AWS FSx for Lustre

AWS FSx for Lustre

  • Amazon FSx for Lustre is a fully managed service, that makes it easy and cost-effective to launch and run the world’s most popular HPC high-performance Lustre file system.
  • Lustre is an open-source file system designed for applications that require fast storage – where you want the storage to keep up with the compute.
  • FSx handles the traditional complexity of setting up and managing high-performance Lustre file systems
  • FSx for Lustre is POSIX-compliant and can be used with existing Linux-based applications without having to make any changes.
  • FSx for Lustre provides a native file system interface and works as any file system does with your Linux operating system.
  • FSx for Lustre provides read-after-write consistency and supports file locking.
  • FSx for Lustre is compatible with the most popular Linux-based AMIs, including Amazon Linux, Amazon Linux 2, Red Hat Enterprise Linux (RHEL), CentOS, SUSE Linux and Ubuntu.
  • FSx for Lustre is accessible from compute workloads running on EC2 instances and containers running on EKS.
  • FSx for Lustre can be accessed from a Linux instance, by installing the open-source Lustre client and mounting the file system using standard Linux commands.
  • FSx for Lustre is ideal for use cases where speed matters, such as machine learning, high-performance computing (HPC), video processing, financial modelling, genome sequencing, and electronic design automation (EDA)

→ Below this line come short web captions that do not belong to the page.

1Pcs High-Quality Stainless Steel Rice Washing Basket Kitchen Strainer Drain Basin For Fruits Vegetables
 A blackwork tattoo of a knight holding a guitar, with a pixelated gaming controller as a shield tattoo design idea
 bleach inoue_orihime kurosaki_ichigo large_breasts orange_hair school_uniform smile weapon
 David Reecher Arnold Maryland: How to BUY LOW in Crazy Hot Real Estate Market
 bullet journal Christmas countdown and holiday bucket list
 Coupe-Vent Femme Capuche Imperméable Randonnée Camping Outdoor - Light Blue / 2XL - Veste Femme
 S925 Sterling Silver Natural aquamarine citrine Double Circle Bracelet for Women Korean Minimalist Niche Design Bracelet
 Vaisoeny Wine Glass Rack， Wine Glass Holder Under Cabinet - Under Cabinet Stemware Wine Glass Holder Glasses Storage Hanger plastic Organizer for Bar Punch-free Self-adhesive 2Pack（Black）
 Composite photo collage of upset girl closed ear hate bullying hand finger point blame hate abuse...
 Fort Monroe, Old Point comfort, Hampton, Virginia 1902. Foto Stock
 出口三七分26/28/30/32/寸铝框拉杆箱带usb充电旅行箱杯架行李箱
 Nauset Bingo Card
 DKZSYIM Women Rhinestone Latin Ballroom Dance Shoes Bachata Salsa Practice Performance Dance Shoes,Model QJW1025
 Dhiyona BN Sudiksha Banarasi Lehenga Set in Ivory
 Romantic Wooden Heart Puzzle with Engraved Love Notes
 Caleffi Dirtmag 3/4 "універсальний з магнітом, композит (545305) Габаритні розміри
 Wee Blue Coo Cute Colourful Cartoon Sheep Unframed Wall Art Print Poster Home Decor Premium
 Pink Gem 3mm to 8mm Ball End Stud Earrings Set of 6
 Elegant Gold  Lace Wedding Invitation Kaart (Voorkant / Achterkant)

FSx for Lustre Deployment Options

Scratch file systems

  • designed for temporary storage and short-term processing of data.
  • provide high burst throughput of up to six times the baseline throughput of 200 MBps per TiB of storage capacity.
  • data is not replicated and does not persist if a file server fails.
  • ideal for cost-optimized storage for short-term, processing-heavy workloads.

Persistent file systems

  • designed for long-term storage and workloads.
  • is highly available, and data is automatically replicated within the AZ that is associated with the file system.
  • data volumes attached to the file servers are replicated independently from the file servers to which they are attached.
  • if a file server becomes unavailable, it is replaced automatically within minutes of failure.
  • continuously monitored for hardware failures, and automatically replaces infrastructure components in the event of a failure.
  • ideal for workloads that run for extended periods or indefinitely, and that might be sensitive to disruptions in availability.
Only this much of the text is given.